I know it was a Friday night because there was a big hollow place in the bottom of my stomach where my son was supposed to be. When you get pregnant, you don’t think about what’s going to happen years down the road. You think about the cute rattles and which brand of car seat and do I *really* need baby bottles when I’m going to nurse the wee bay-bee? You don’t think down the road apiece, when custody is split and parenting is a weekday thing, and what does my kid do on the weekend anyway (besides play World of Fucking Warcraft) but you can’t DO anything about it because, well, it’s not your turn to raise him.
You don’t think about that stuff. No. Not at all.
But there we were, two of the gloomiest people on the planet, trying to fill a hollow void that would remain empty until Sunday.
“Let’s grab some dinner,” Daver offered. I nodded, my heart wearing a sad face.
“Thai okay?” He asked, staring at my face intently, knowing that I probably wasn’t really okay.
“Sure,” I replied. “I love Thai food. Remind me not to get anything spicy. That shit BURNS coming back up.”
He nodded, the two of us both playing a role, our hearts not really in the game.
I waddled through the crisp January air and maneuvered myself into the passenger seat of the car, carefully buckling myself in.
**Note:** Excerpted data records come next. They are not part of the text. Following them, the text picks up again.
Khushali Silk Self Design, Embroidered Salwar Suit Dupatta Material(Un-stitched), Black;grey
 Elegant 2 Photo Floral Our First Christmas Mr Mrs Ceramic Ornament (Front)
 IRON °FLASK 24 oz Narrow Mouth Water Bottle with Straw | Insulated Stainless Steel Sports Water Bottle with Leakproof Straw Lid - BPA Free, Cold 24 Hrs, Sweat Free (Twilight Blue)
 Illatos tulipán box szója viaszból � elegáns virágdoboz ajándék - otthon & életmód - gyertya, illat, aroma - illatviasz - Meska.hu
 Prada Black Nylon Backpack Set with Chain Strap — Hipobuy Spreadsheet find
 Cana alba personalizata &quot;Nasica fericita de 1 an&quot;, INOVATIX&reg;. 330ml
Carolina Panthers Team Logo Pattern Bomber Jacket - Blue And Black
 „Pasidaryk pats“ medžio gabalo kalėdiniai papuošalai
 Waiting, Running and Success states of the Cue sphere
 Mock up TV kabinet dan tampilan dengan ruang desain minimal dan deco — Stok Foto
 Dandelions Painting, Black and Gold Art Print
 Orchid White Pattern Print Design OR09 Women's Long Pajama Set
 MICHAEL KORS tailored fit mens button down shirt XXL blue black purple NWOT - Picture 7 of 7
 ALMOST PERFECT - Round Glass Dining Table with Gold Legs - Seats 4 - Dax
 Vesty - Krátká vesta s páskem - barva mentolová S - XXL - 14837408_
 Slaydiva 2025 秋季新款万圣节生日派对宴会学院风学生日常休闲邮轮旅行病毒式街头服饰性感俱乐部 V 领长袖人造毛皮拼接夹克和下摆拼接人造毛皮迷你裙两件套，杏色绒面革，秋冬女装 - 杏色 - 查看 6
The moment the seatbelt hit my abdomen, my second son, another boy, began to furiously kick at it for daring to interfere with his space. I smiled a bit, rubbed my son’s head, nestled firmly in my ribcage, and said in my very best (worst) Adam Sandler voice: “He’s gonna be a soccer player.”
We both smiled a bit, each of us lost in our separate galaxy as we tried to not notice that the backseat was missing one occupant, our hands stiff and cold, as we tried to warm them against the sputtering warm air vents of our Pilot. It had been a bitter winter and there was no hint of spring on the horizon. Just dark cold days spent huddled under blankets.
We pulled up to the Thai place and I slithered out of the car, bumping my burgeoning gut on both the door and the car as I tried to maneuver my way onto the sidewalk and into the restaurant. I laughed a bit as I grabbed Daver’s hand, “Wow, it’s busy tonight,” I noted as we wandered through the front doors, “Mmm-hmmm,” Daver replied. “Glad we came when we did.”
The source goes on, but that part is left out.